Besides, if currency value is the sole determinant of economic growth then Zimbabwe should be the biggest exporter or the wealthiest nation today!!!
The Japan Experience
More example; if rising currency translates to “greater domestic demand” then why has the Japan’s economy remained an export dependent economy despite the huge (threefold) appreciation of the yen? (see figure 6)
Nathan Lewis for the Daily Reckoning says that aside from the deflation in the banking system what mattered most had been the series of tax hikes that has kept Japan’s economy in the doldrums, 20 years from the bubble bust.
This from Mr. Lewis (bold highlights mine) , ``They began with a series of tax measures on January 1, 1990 - the first day of the bear market - which eliminated certain preferential capital gains tax treatments for property. To take a few of a great many such steps which followed: In 1992, the tax rate on short-term capital gains (under 2 years) on property was raised to 90%. Long-term gains were taxed at 60%. A 0.3% National property tax was introduced (this was several multiples greater than existing property taxes). A City Planning Tax of 0.3%. A Registration and License Tax of 5% of the sale value of a property. A Real Estate Acquisition Tax of 4%. An Office Tax of 0.25%. A Land Ownership Tax of 1.4%. Even the regular property tax, the Fixed Assets Tax, was effectively raised by several multiples. From 1990 to 1996, Japanese property values imploded by as much as 70%. However, the revenues from this tax rose by 46%. You can do the math…

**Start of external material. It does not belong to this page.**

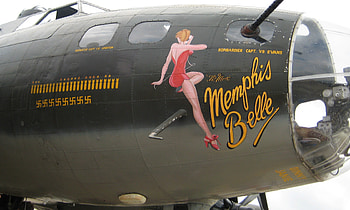 Memphis Belle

``Already there is an annual rise in payroll taxes, scheduled for every year between 2004 and 2017, which will eventually take the payroll tax rate from 13.6% to 18.3%. (Employers match this, and there is no maximum income to which it applies.) And what about the increase in taxes on dividends from 10% to 20%? Or the introduction of a brand-new capital gains tax on equities of 20%, which had effectively been tax-free before? Or the effective 25% increase in personal income taxes, the result of the elimination of a 20% tax cut introduced in 1998? On top of all that, politicians are talking about increasing the consumption tax (similar to a sales tax) from 5% presently to 10% or higher. Until a 3% consumption tax was introduced in 1989, there was no consumption tax at all in Japan, not even at the prefectural or municipal level.”
In addition, John Hempton of Bronte Capital says the legacy of zombie corporations has consumed capital resources which was otherwise meant for other productive investments, ``the problem in Japan was their ability to keep zombie corporations (not zombie banks) alive for decades. Japan has a “Rip-Van-Winkle” industrial legacy to go along with its absolutely brilliant modern technology industries. This old industry sucks resources which would better be used by the modern industry.” (emphasis added)
In short, like the Philippines, domestic policies have been responsible for restricting the required adjustments to expand the marketplace in spite of the currency adjustments. So calling for adjustments of imbalances via the currency route is no less than a fantasy.
Therefore, I’d avoid listening to “expert” economists who would reason along logical fallacies and prescribe snake oil medicines.